### PROBLEM TO WORK ON
Skip the pictures. Quote every line below, exactly, from the one with "巴图Villa Mulyono 2的一间卧室配有天蓬床和沙发" through the final line.

### DATASET EXTRACT
--- --- ---

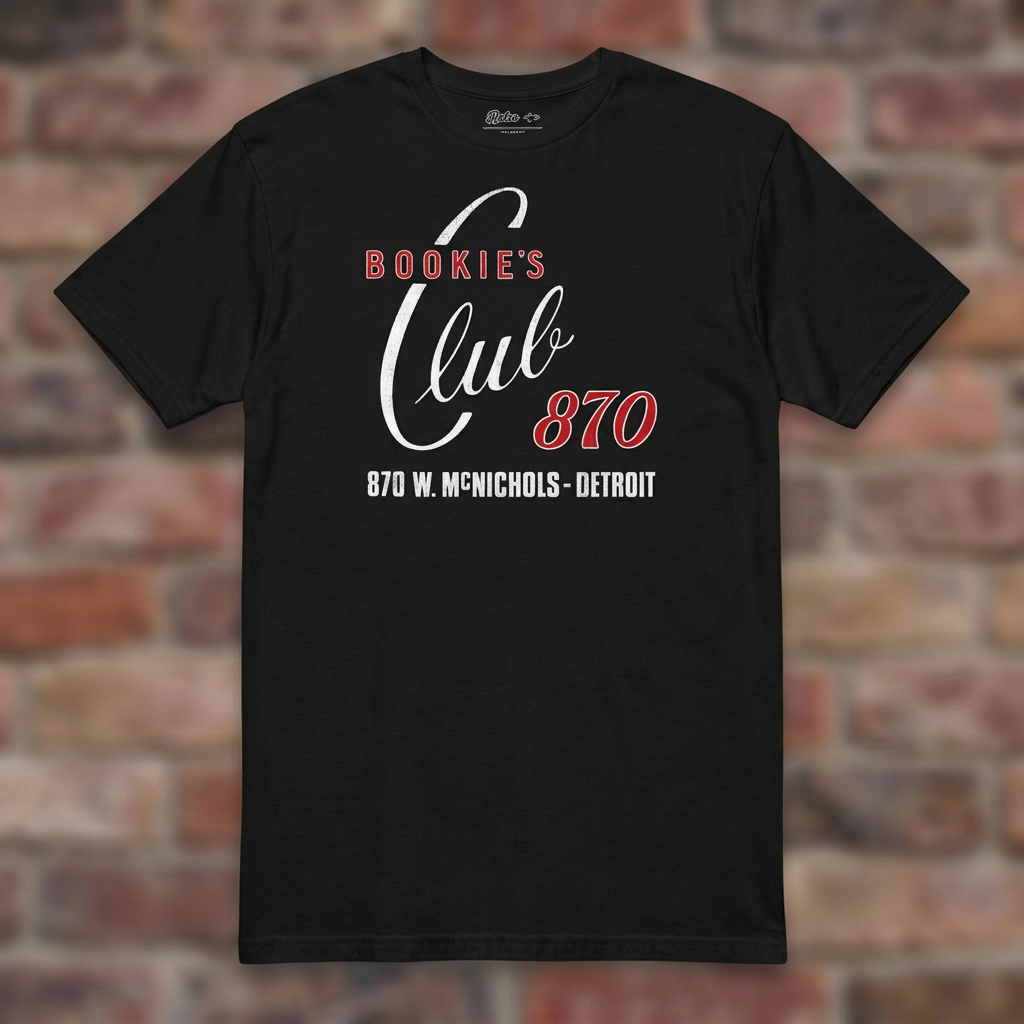 Bookie's Club 870 Detroit T-shirt in Black, flat lay on warm brick background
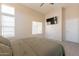 Bright main bedroom features plush carpet, high ceilings, and bright natural light at 12208 N 41St Ln, Phoenix, AZ 85029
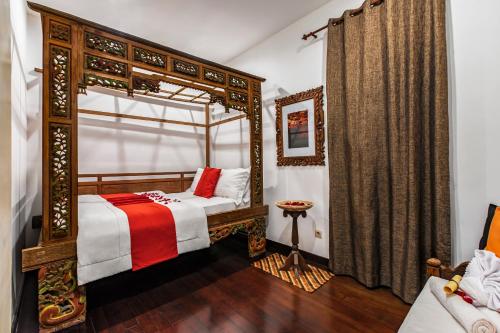 巴图Villa Mulyono 2的一间卧室配有天蓬床和沙发
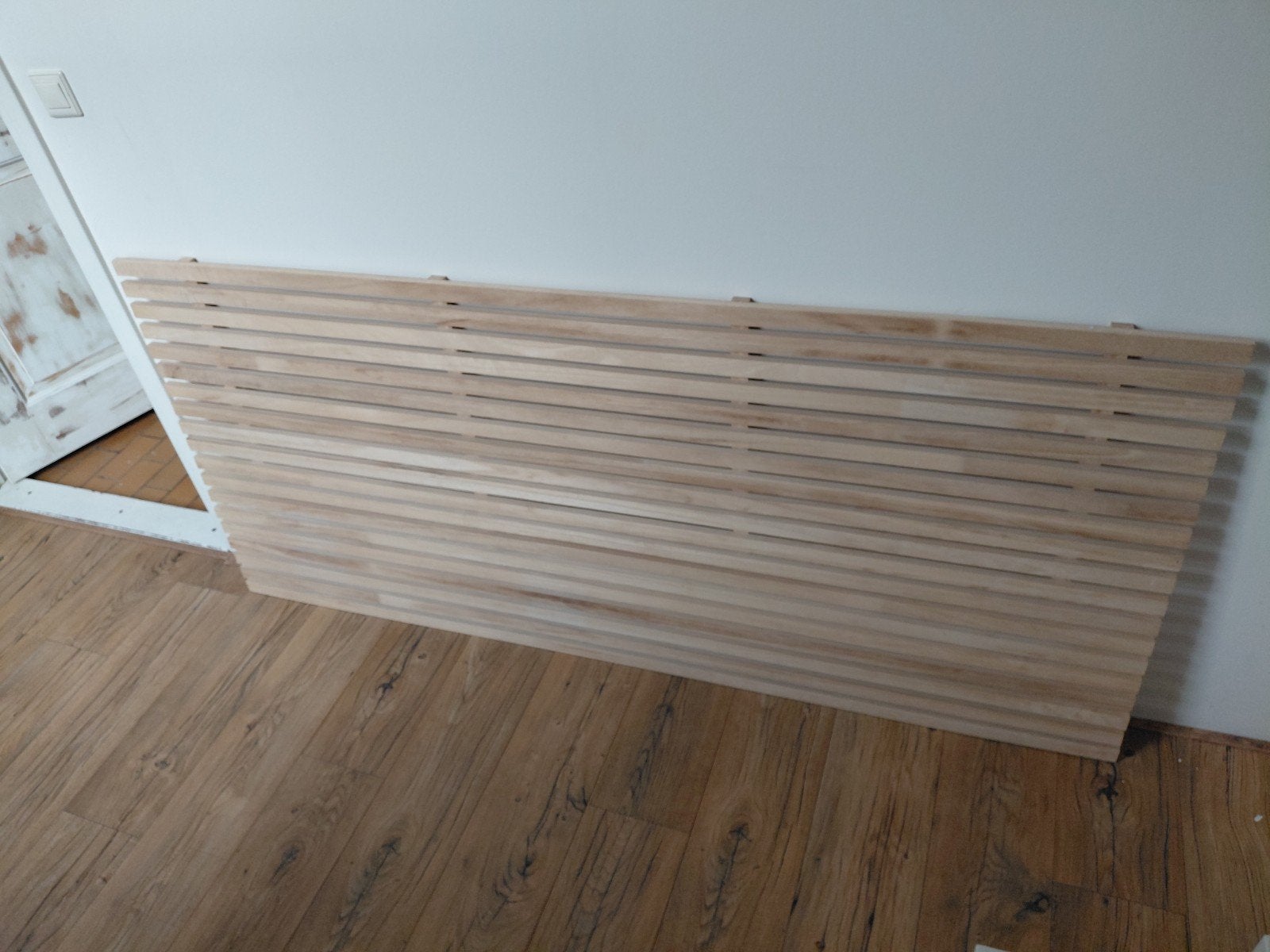 Houten wandpaneel, Ophalen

--- --- ---

### WRITTEN RESPONSE
 巴图Villa Mulyono 2的一间卧室配有天蓬床和沙发
 Houten wandpaneel, Ophalen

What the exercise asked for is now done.